Your instructions:
Please return exactly the lines from the top of the data through the line that contains "Kerber upsets Wozniacki", and skip all pictures.

(Scraped caption text data)
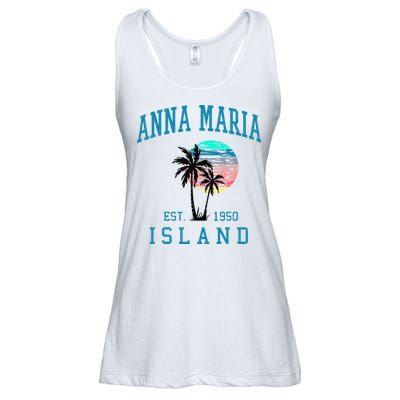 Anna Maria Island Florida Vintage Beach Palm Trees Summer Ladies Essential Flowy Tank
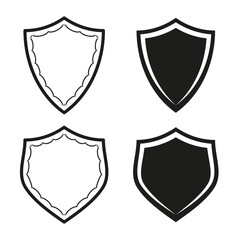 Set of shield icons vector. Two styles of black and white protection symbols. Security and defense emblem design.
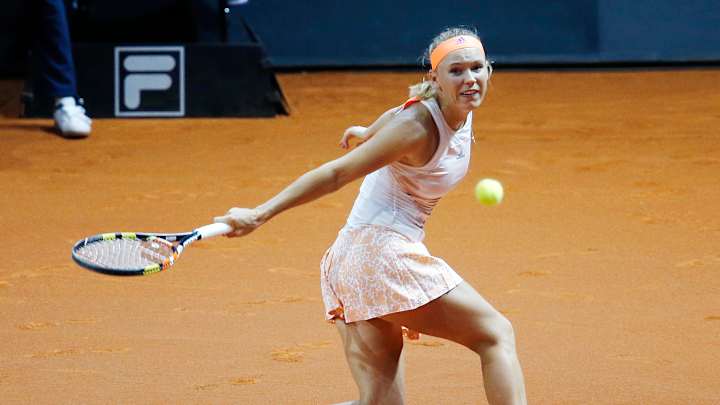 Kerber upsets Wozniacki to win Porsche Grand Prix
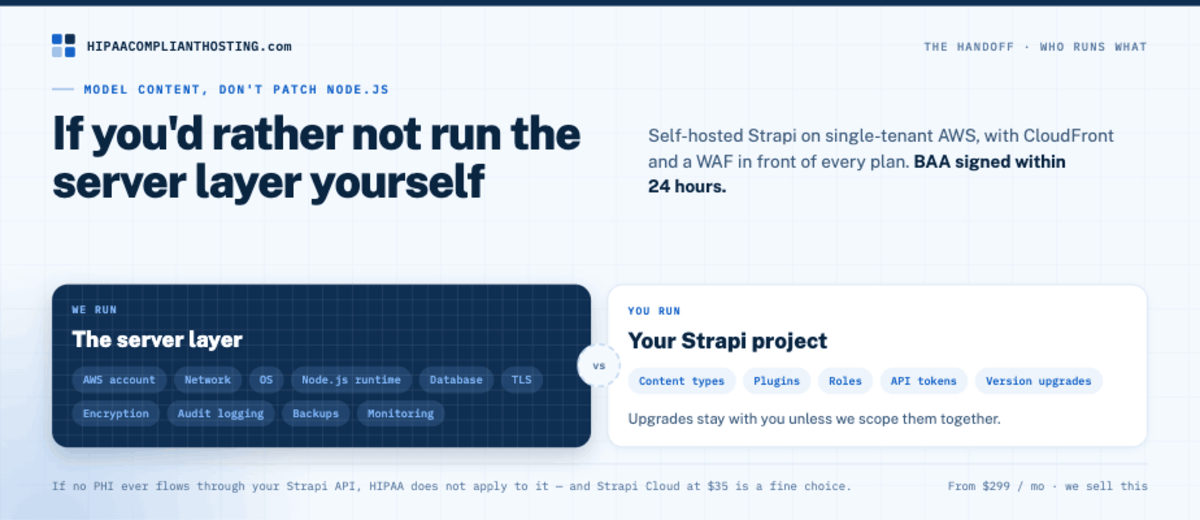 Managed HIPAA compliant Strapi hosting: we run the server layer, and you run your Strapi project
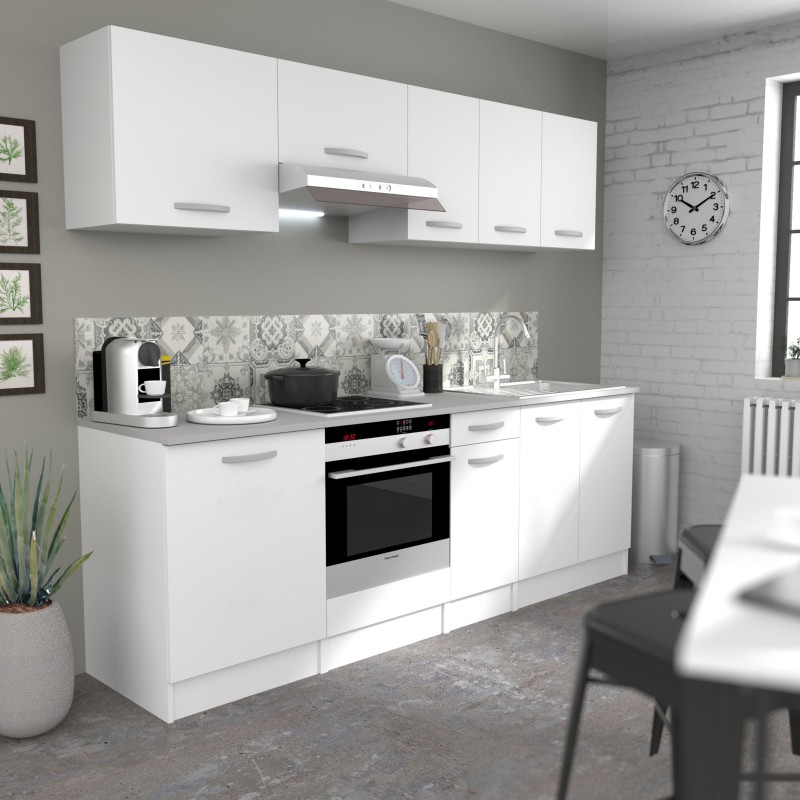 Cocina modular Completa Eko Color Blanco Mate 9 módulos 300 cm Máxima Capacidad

Answer to the problem:
 Anna Maria Island Florida Vintage Beach Palm Trees Summer Ladies Essential Flowy Tank
 Set of shield icons vector. Two styles of black and white protection symbols. Security and defense emblem design.
 Kerber upsets Wozniacki to win Porsche Grand Prix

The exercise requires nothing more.